Instructions for the task »
Leaving out the pictures, retype exactly the lines from the one holding "Olympus Obiettivi M.Zuiko" through the end of the material.

Provided entries »
□ □ □

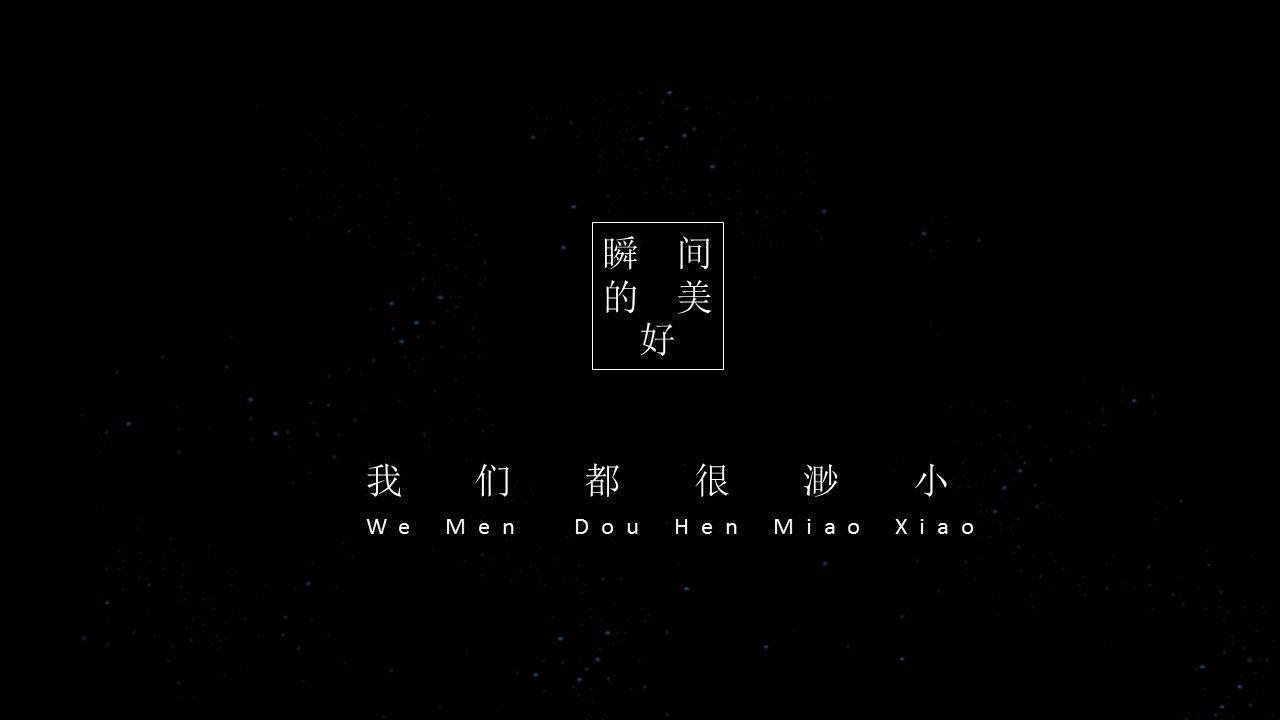 欧美商务.动态PPT.源文件PPT.32的PPT模板-1/23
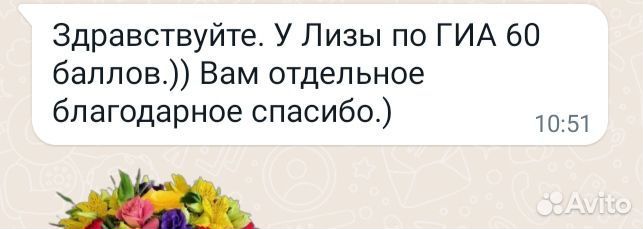 Репетитор по английскому языку для огэ и егэ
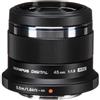 Olympus Obiettivi M.Zuiko Digital 45mm F/1.8 MSC Micro 4/3 45mm f/1.8 - refurbished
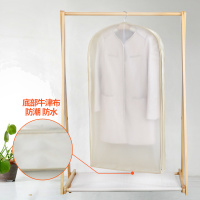 衣服罩挂衣袋防尘套貂皮大衣羽绒服透明皮防尘袋皮透 [淡雅米色] [全封闭侧面超长拉链]长款:高130X宽60X深10cm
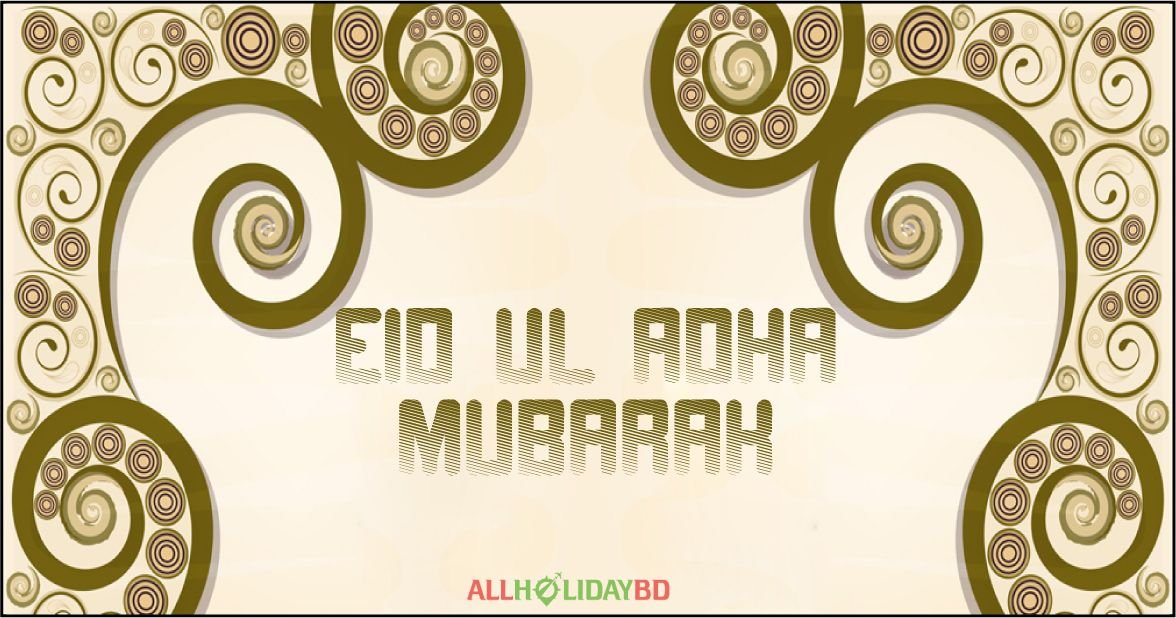 Eid Ul Adha art image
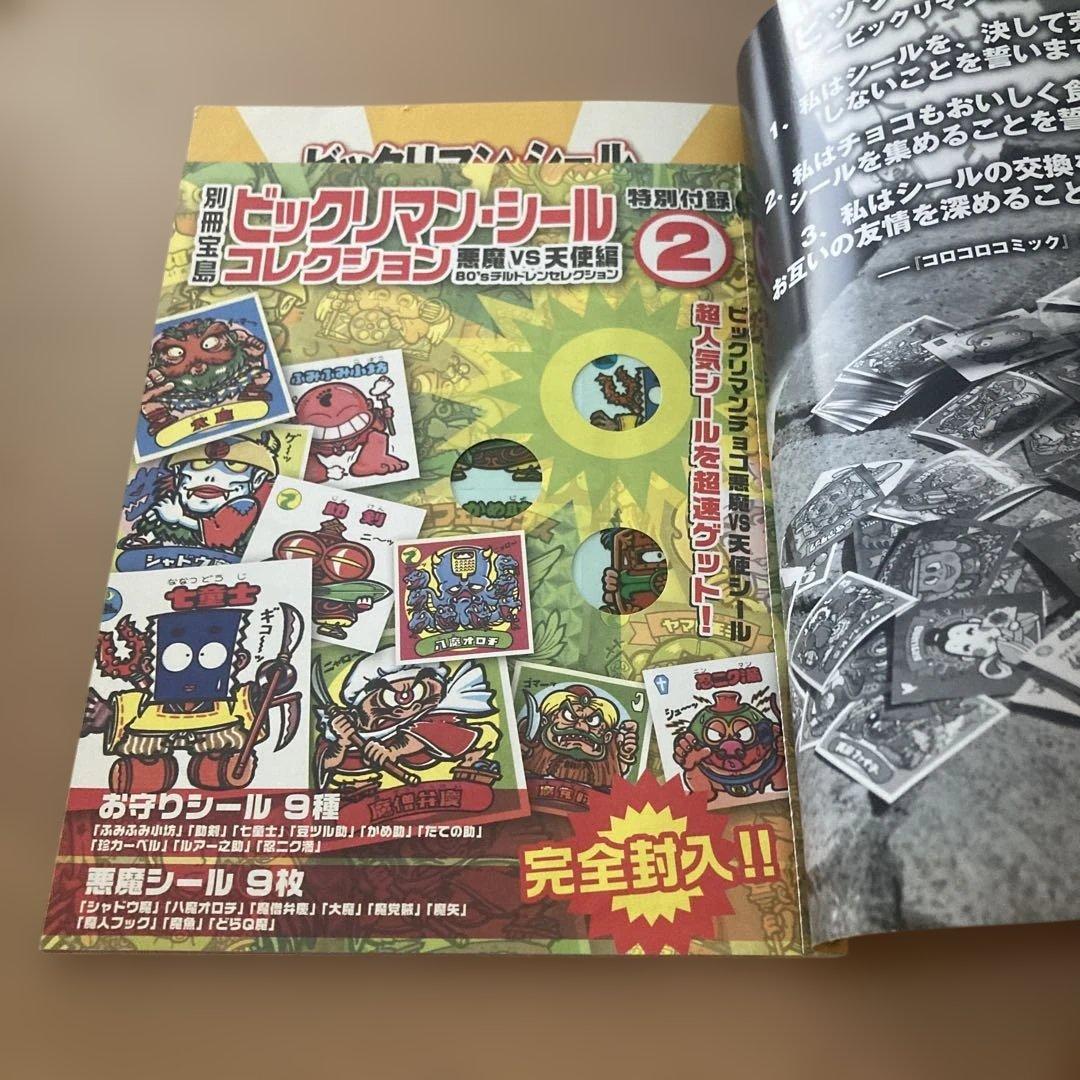 別冊宝島 ビックリマン シール コレクション 復刻シール30枚付 古本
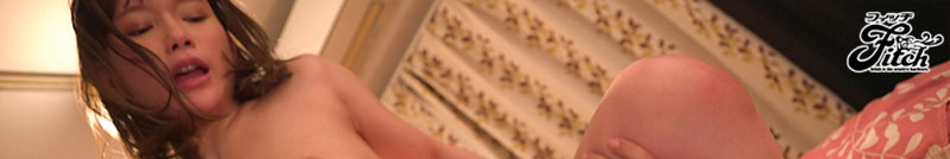 桃園怜奈(桃园怜奈，Momozono-Rena)作品JUFE-455介绍及封面预览-图片6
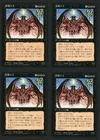 Lord of the Pit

□ □ □

Output of the exercise »
 Olympus Obiettivi M.Zuiko Digital 45mm F/1.8 MSC Micro 4/3 45mm f/1.8 - refurbished
 衣服罩挂衣袋防尘套貂皮大衣羽绒服透明皮防尘袋皮透 [淡雅米色] [全封闭侧面超长拉链]长款:高130X宽60X深10cm
 Eid Ul Adha art image
 別冊宝島 ビックリマン シール コレクション 復刻シール30枚付 古本
 桃園怜奈(桃园怜奈，Momozono-Rena)作品JUFE-455介绍及封面预览-图片6
 Lord of the Pit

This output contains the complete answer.